====== Records supplied ======
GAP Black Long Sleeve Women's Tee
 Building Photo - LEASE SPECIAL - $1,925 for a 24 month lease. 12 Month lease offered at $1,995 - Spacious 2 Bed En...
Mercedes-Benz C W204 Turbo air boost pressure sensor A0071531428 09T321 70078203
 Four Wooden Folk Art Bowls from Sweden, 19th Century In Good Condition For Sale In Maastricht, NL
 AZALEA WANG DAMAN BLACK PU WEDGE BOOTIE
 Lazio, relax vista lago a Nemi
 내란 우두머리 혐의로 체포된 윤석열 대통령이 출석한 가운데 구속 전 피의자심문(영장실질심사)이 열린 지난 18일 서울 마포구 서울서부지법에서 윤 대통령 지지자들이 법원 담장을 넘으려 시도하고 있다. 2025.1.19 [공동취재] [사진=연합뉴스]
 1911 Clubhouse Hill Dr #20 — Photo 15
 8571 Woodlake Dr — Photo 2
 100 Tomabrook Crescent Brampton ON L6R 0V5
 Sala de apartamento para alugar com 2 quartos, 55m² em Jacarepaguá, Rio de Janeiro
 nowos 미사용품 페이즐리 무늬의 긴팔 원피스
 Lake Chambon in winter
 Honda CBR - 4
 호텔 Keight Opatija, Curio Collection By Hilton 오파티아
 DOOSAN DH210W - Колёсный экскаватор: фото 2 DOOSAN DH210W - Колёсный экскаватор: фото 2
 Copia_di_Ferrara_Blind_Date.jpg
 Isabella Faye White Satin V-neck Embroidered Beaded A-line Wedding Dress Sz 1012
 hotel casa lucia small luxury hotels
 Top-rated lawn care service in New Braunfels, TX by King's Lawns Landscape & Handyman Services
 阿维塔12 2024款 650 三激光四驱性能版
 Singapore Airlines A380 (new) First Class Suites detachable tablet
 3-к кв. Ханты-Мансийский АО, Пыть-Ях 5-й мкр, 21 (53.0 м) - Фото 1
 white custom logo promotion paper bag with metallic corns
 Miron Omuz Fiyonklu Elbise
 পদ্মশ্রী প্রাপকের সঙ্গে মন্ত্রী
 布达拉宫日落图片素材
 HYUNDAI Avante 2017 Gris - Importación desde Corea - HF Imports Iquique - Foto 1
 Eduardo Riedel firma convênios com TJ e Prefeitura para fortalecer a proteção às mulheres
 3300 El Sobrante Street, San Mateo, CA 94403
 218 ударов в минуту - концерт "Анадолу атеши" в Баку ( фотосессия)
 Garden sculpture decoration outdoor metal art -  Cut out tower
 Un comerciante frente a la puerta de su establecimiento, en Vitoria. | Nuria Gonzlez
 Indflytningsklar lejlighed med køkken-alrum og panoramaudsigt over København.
======
## Your assignment
Go through the listing above and copy each line in which the string "para" is found.

## Reply to the task
 Sala de apartamento para alugar com 2 quartos, 55m² em Jacarepaguá, Rio de Janeiro
 Eduardo Riedel firma convênios com TJ e Prefeitura para fortalecer a proteção às mulheres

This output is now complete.